Paolo Plebani, storico dell'arte dell'Accademio Carrara di Bergamo

Nel lavoro di Matteo Gubellini domina un senso di sospensione e di attesa, di qualcosa che può accadere da un momento all’altro ma che nessuno sa davvero cosa sia. In questo i lavori di Gubellini mi ricordano da sempre le atmosfere inquietanti di certi racconti di Dino Buzzati, pittore a sua volta di atmosfere fantastiche e attonite.

Non c’è naturalmente solo questo nel suo lavoro, ma ci sono molti altri momenti dell’universo creativo dell’artista, che si giostra tra disegno, illustrazione e pittura senza tuttavia cambiare pelle e, pur nella diversità delle tecniche utilizzate, tenendo sempre fede al proprio immaginario.

Un immaginario nel quale la realtà è sempre reinventata e trasfigurata fantasticamente: dove gli amici assumono le sembianze di strani uccelli volanti; dove il ballo e il canto non sono luoghi di socialità e di relazione ma di una solitudine e di una aggressività striscianti; dove creature bizzarre, a tratti simpatiche a tratti vagamente minacciose sembrano uscite dai dipinti di Bosch; dove la natura soverchia gli uomini piccoli piccoli, persi in un labirinto di alberi e di neve.

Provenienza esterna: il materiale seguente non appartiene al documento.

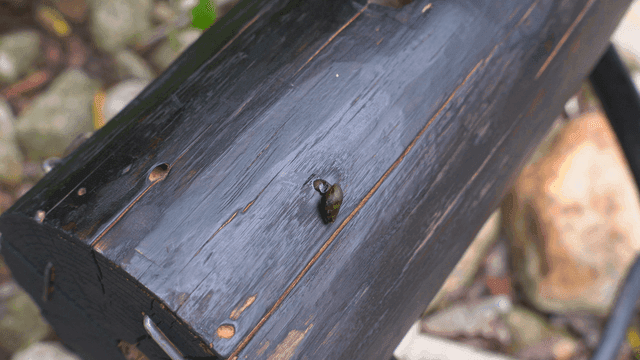 나무 표면 위의 작은 달팽이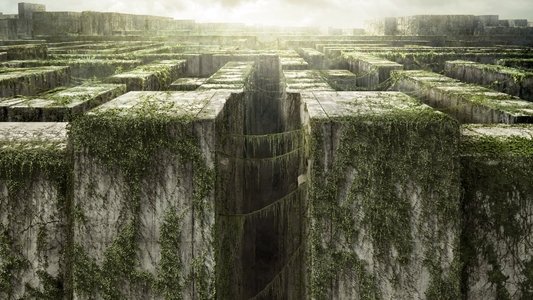 The Maze Runner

Un immaginario che sembra preferire le ombre lunghe e misteriose, il colore scuro e livido della notte, i paesaggi innevati, alla luce calda e confortante del sole. Un mondo in cui prevalgono le tonalità del meraviglioso, dell’onirico e della fiaba, ma nel quale si sentono risuonare, se si ascolta con attenzione, anche le note più personali e meno rassicuranti di una misteriosa quanto insondabile interiorità.